* [Required action] Only one stretch of the data below should be repeated: the lines from the line containing "Colors Insulting To Nature Cintra Wilson" through the line containing "Victory Cook Book;How", inclusive, exactly as they are.

(Brief descriptive captions)
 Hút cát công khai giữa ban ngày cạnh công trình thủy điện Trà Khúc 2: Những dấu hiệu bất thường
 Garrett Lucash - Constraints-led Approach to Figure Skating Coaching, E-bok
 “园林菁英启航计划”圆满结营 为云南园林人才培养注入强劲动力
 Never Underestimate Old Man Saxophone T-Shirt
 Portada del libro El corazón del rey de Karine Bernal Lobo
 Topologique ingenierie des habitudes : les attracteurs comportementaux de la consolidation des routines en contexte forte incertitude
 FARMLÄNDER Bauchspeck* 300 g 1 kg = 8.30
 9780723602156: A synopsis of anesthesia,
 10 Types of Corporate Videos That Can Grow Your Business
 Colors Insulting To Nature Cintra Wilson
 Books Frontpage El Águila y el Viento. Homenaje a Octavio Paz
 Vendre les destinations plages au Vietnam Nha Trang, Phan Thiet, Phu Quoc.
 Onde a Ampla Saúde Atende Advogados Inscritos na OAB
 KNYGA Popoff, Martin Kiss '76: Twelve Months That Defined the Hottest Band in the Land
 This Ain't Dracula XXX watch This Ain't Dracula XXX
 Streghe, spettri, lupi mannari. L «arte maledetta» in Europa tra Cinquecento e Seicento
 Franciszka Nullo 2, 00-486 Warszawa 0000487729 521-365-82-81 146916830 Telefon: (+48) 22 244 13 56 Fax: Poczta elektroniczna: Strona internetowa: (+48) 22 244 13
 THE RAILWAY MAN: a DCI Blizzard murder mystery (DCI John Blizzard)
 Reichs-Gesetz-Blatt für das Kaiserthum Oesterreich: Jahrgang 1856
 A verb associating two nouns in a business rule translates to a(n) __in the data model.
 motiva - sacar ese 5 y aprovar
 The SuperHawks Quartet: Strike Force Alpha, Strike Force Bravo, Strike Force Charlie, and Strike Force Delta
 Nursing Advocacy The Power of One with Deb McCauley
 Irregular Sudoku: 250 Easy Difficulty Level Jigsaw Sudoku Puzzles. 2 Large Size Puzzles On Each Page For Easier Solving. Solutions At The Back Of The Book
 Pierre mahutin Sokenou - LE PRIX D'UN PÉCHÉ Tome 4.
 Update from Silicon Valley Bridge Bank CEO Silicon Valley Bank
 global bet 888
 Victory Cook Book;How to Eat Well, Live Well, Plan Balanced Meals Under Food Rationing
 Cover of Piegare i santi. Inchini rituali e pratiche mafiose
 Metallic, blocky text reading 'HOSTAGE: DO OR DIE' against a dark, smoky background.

* [Solution to this problem]
 Colors Insulting To Nature Cintra Wilson
 Books Frontpage El Águila y el Viento. Homenaje a Octavio Paz
 Vendre les destinations plages au Vietnam Nha Trang, Phan Thiet, Phu Quoc.
 Onde a Ampla Saúde Atende Advogados Inscritos na OAB
 KNYGA Popoff, Martin Kiss '76: Twelve Months That Defined the Hottest Band in the Land
 This Ain't Dracula XXX watch This Ain't Dracula XXX
 Streghe, spettri, lupi mannari. L «arte maledetta» in Europa tra Cinquecento e Seicento
 Franciszka Nullo 2, 00-486 Warszawa 0000487729 521-365-82-81 146916830 Telefon: (+48) 22 244 13 56 Fax: Poczta elektroniczna: Strona internetowa: (+48) 22 244 13
 THE RAILWAY MAN: a DCI Blizzard murder mystery (DCI John Blizzard)
 Reichs-Gesetz-Blatt für das Kaiserthum Oesterreich: Jahrgang 1856
 A verb associating two nouns in a business rule translates to a(n) __in the data model.
 motiva - sacar ese 5 y aprovar
 The SuperHawks Quartet: Strike Force Alpha, Strike Force Bravo, Strike Force Charlie, and Strike Force Delta
 Nursing Advocacy The Power of One with Deb McCauley
 Irregular Sudoku: 250 Easy Difficulty Level Jigsaw Sudoku Puzzles. 2 Large Size Puzzles On Each Page For Easier Solving. Solutions At The Back Of The Book
 Pierre mahutin Sokenou - LE PRIX D'UN PÉCHÉ Tome 4.
 Update from Silicon Valley Bridge Bank CEO Silicon Valley Bank
 global bet 888
 Victory Cook Book;How to Eat Well, Live Well, Plan Balanced Meals Under Food Rationing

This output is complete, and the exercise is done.